• Exercise prompt: Only the pictures are to be left out; the listing itself is repeated exactly.

::: Material provided

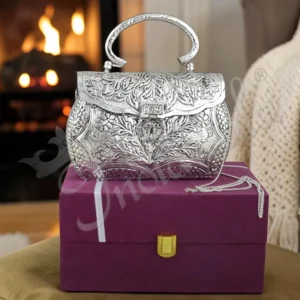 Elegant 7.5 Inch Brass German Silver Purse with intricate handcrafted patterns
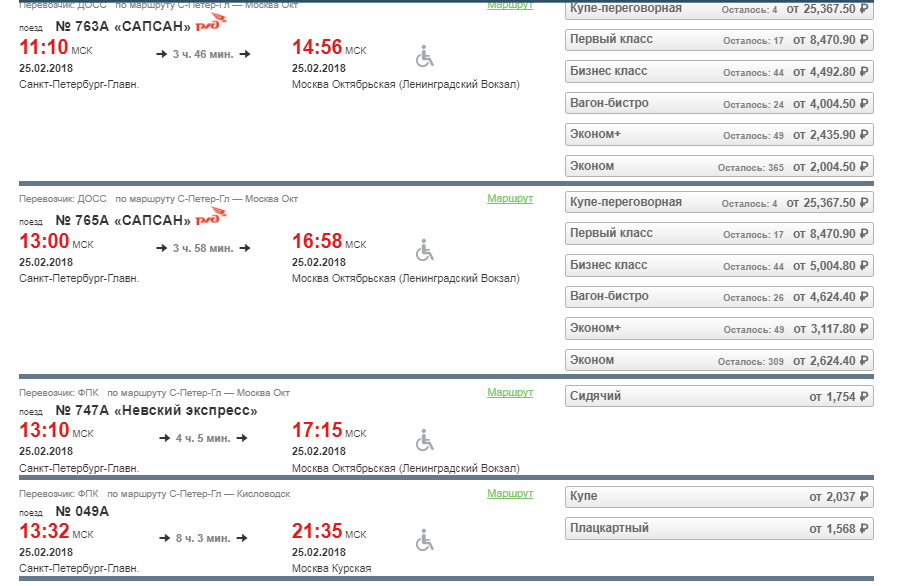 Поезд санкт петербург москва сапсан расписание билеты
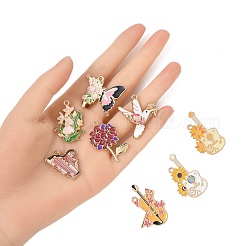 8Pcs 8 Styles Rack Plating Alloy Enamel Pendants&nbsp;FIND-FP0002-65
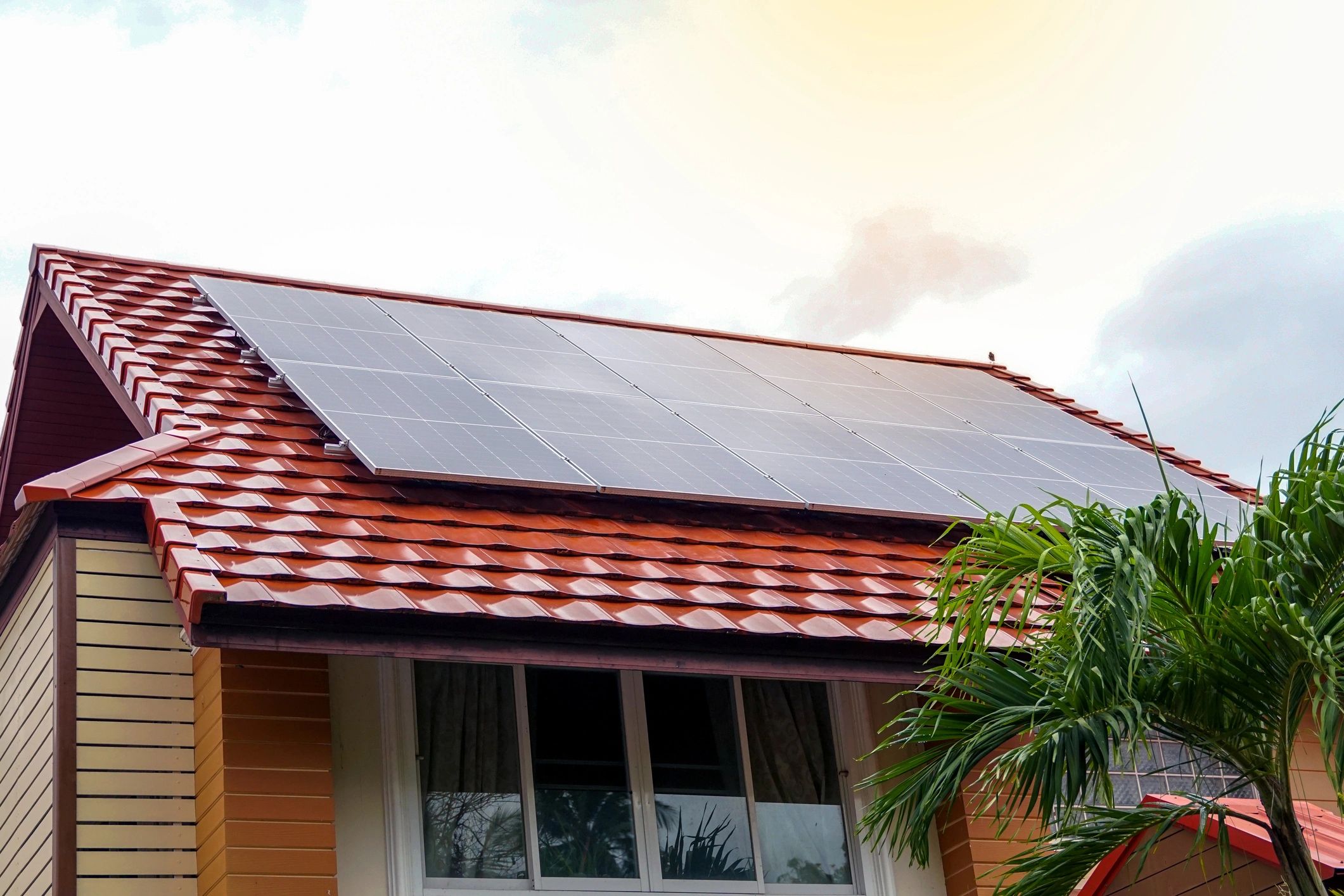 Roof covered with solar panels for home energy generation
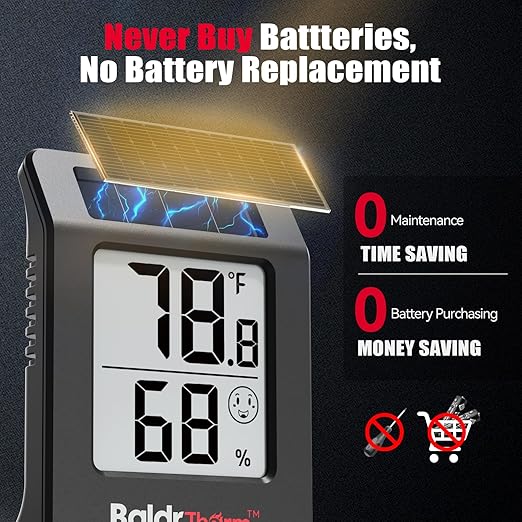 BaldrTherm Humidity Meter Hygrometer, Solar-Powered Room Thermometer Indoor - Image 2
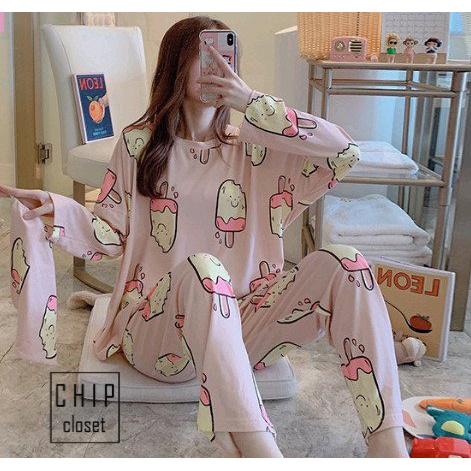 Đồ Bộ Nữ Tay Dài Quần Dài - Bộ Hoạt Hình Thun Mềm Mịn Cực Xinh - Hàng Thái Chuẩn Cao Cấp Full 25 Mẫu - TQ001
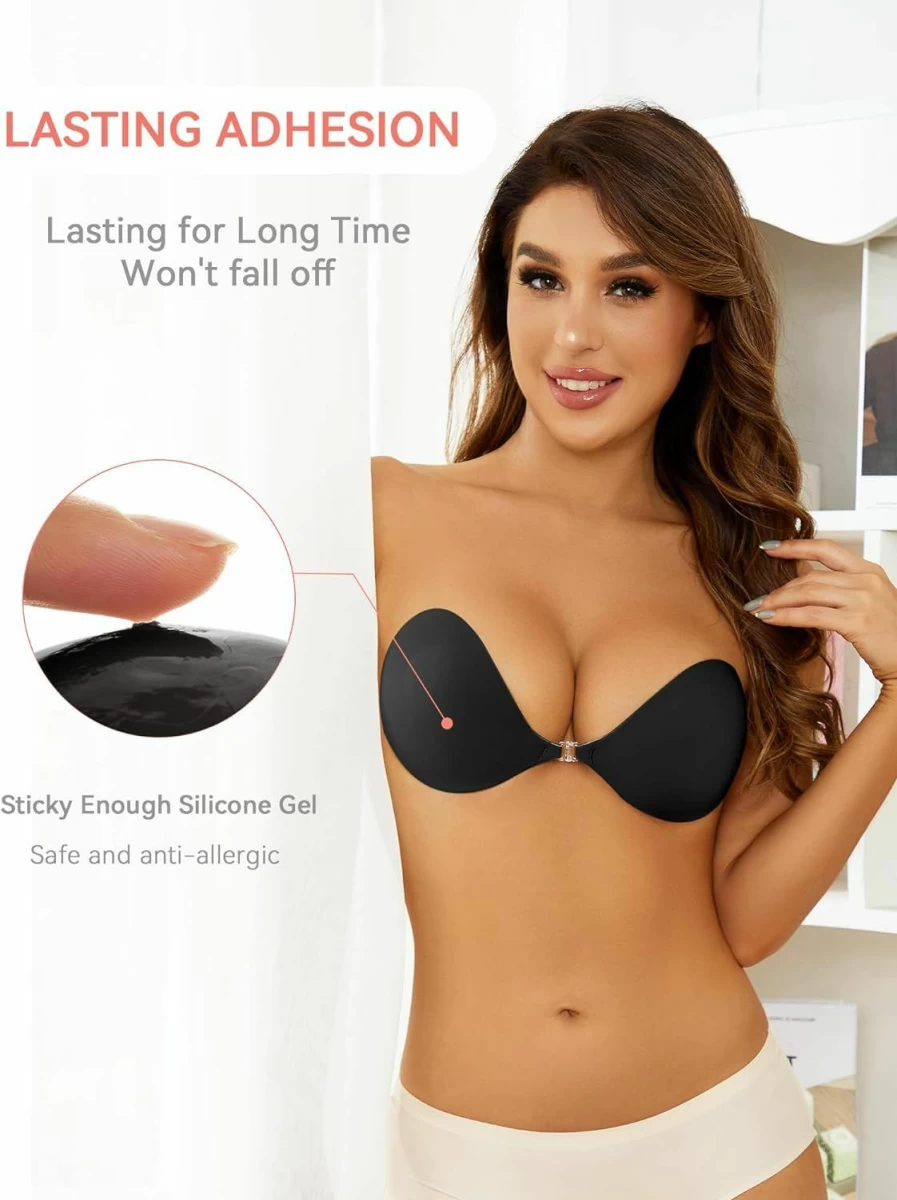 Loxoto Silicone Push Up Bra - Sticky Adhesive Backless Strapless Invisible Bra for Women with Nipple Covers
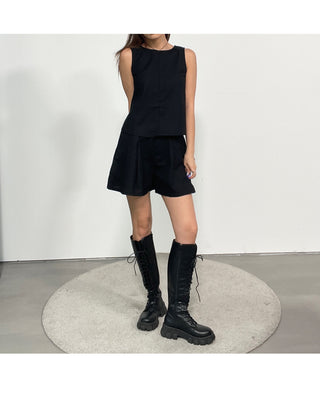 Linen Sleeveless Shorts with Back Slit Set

::::::

• Answer to the problem:
 Elegant 7.5 Inch Brass German Silver Purse with intricate handcrafted patterns
 Поезд санкт петербург москва сапсан расписание билеты
 8Pcs 8 Styles Rack Plating Alloy Enamel Pendants&nbsp;FIND-FP0002-65
 Roof covered with solar panels for home energy generation
 BaldrTherm Humidity Meter Hygrometer, Solar-Powered Room Thermometer Indoor - Image 2
 Đồ Bộ Nữ Tay Dài Quần Dài - Bộ Hoạt Hình Thun Mềm Mịn Cực Xinh - Hàng Thái Chuẩn Cao Cấp Full 25 Mẫu - TQ001
 Loxoto Silicone Push Up Bra - Sticky Adhesive Backless Strapless Invisible Bra for Women with Nipple Covers
 Linen Sleeveless Shorts with Back Slit Set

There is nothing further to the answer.